◆ **Study material**:
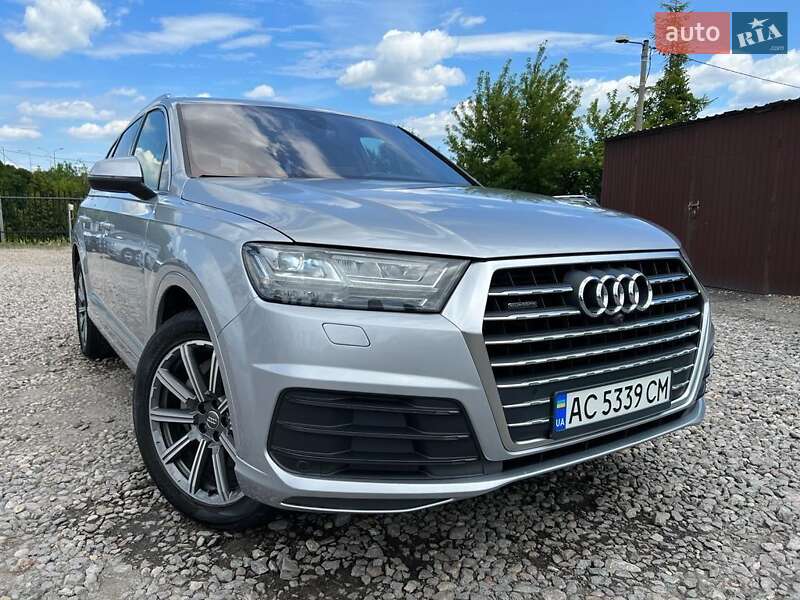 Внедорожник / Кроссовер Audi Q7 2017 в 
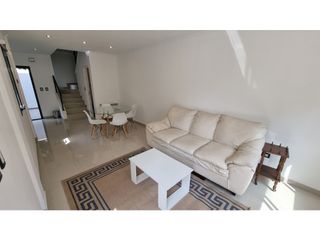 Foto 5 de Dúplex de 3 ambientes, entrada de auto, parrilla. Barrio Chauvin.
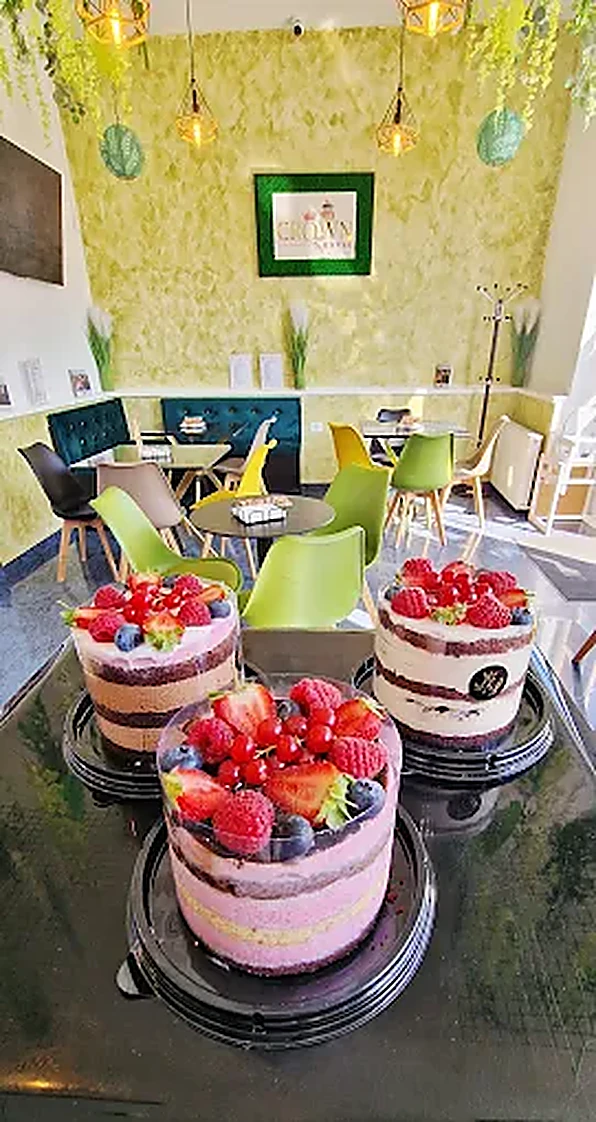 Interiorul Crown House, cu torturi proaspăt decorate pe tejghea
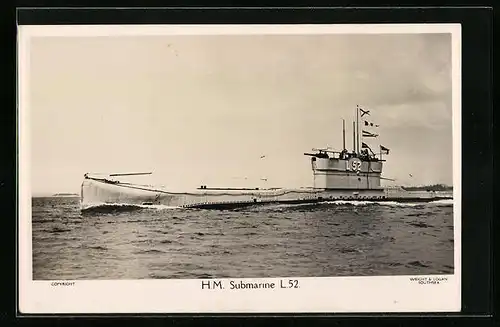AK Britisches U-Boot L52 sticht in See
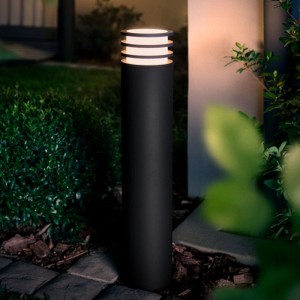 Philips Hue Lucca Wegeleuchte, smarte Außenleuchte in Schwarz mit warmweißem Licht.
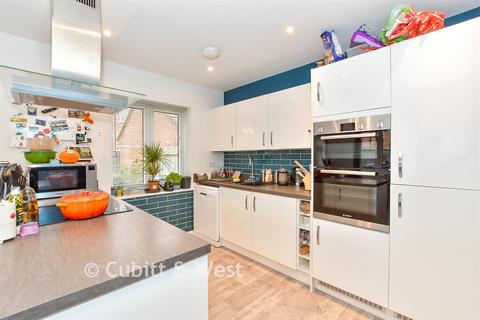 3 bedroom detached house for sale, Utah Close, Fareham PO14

...

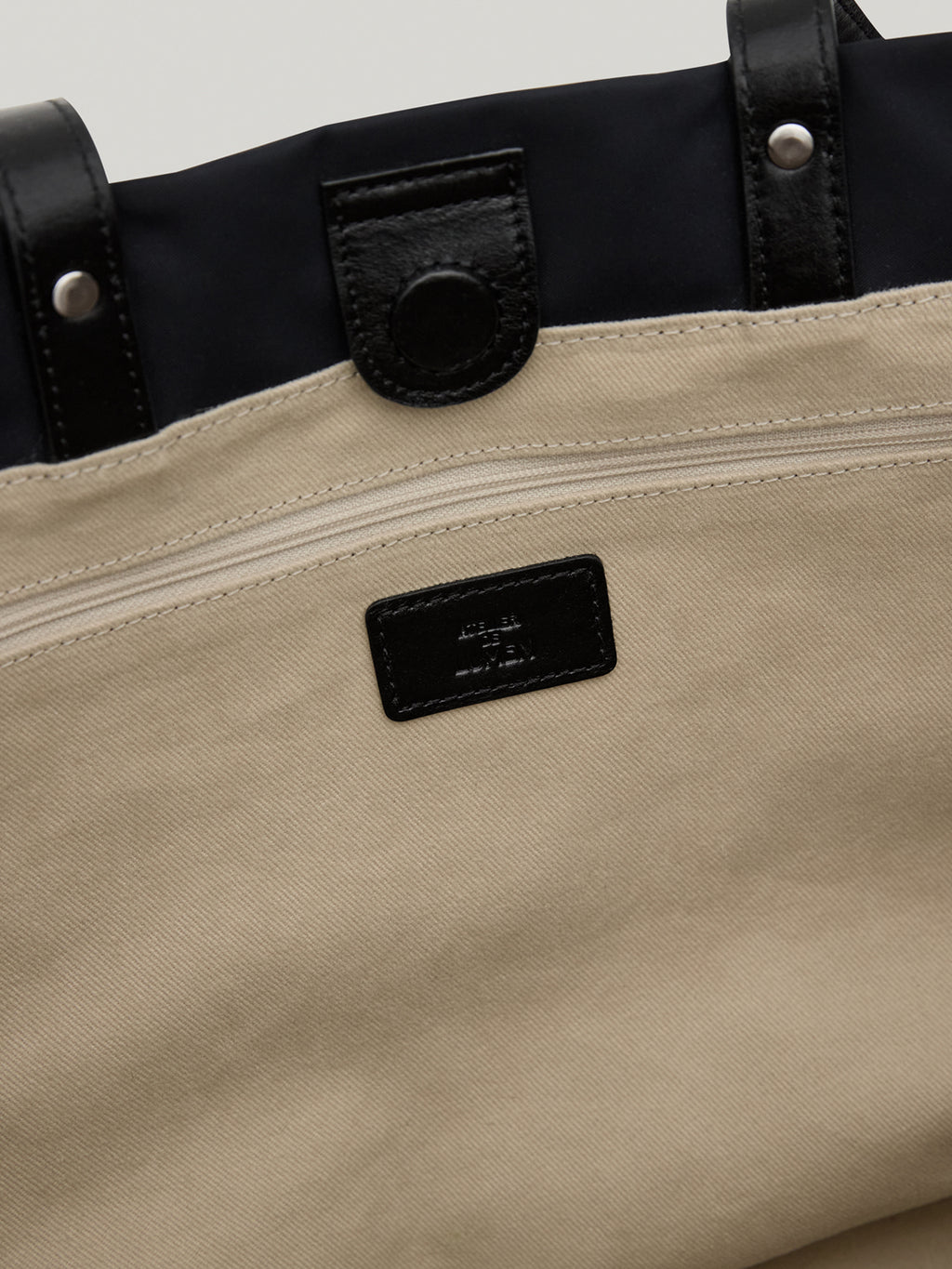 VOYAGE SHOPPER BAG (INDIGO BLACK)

◆ **Instructions for the task**:
Would you restate, exactly and with no pictures, the lines of the entries above from the one containing "Внедорожник / Кроссовер Audi Q7 2017 в" through the one containing "3 bedroom detached"?

◆ **Output for this exercise**:
 Внедорожник / Кроссовер Audi Q7 2017 в 
 Foto 5 de Dúplex de 3 ambientes, entrada de auto, parrilla. Barrio Chauvin.
 Interiorul Crown House, cu torturi proaspăt decorate pe tejghea
AK Britisches U-Boot L52 sticht in See
 Philips Hue Lucca Wegeleuchte, smarte Außenleuchte in Schwarz mit warmweißem Licht.
 3 bedroom detached house for sale, Utah Close, Fareham PO14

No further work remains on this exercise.